To describe the interaction of electrons with magnons, researchers employed Green's function formalism and numerical methods. It turned out that spin-flip processes supported by magnons could reduce spin splitting and cause significant broadening of the quasiparticle spectrum branches. Under the influence of magnons, the density of states underwent substantial changes. External coherent peaks became broader, while internal peaks remained unchanged. This broadening, driven by magnon processes, is distinct from known mechanisms that affect all peaks, such as spin-orbit coupling or inelastic scattering on impurities. Additionally, numerical calculations were performed at different temperature values, allowing the tracking of the enhancement of the effect with an increase in the number of thermally excited magnons.

“The motivation for this work was an attempt to explain unusual experimental results. In the experiment by E. Strambini and colleagues, atypical behavior of the spin-split density of states in F/S structures was observed. It was previously assumed that the external peaks of this density of states should be higher than the internal ones. However, the results of E. Strambini and colleagues showed the opposite situation. We found that the electron-magnon interaction is what leads to this effect,” said Alexander Bobkov, a senior researcher at the Center for Advanced Methods in Mesophysics and Nanotechnology at MIPT. “The results of our work may aid in the development of ultra-sensitive detectors and efficient thermoelectric devices.”
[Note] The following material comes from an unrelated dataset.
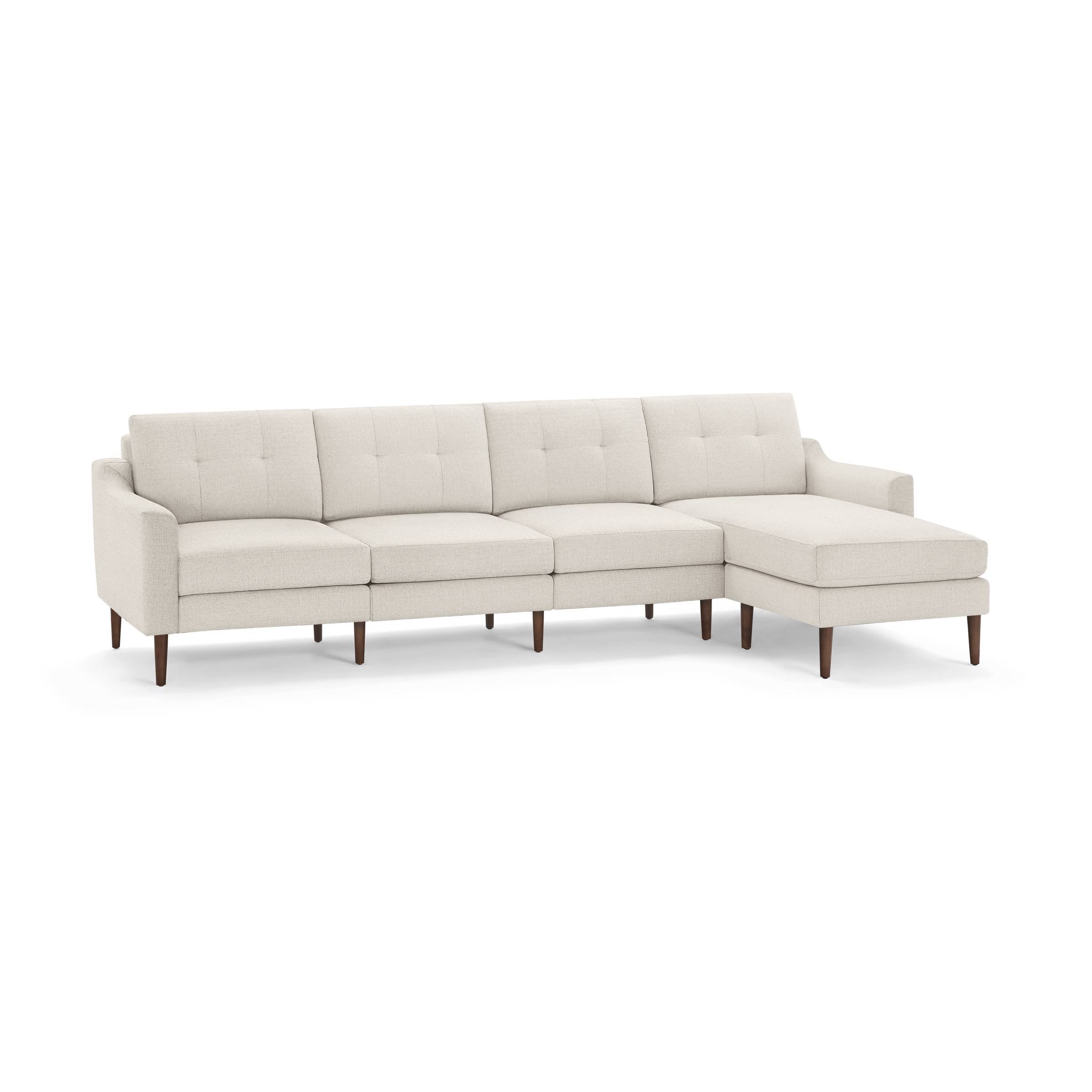 Beige mid-century sectional sofa with tufted cushions, wooden legs, and a right-side chaise lounge.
The research conducted by Russian physicists, including a detailed analysis of the local density of states considering electron-magnon interactions, provides a deeper understanding of interactions in bilayer thin-film systems of ferromagnet-superconductor and contributes to the advancement of spintronic device development. The findings not only expanded the current understanding of what spin-split superconductivity might look like but may also serve as a foundation for new theoretical and experimental investigations in this field of science. The work was supported by the Russian Science Foundation.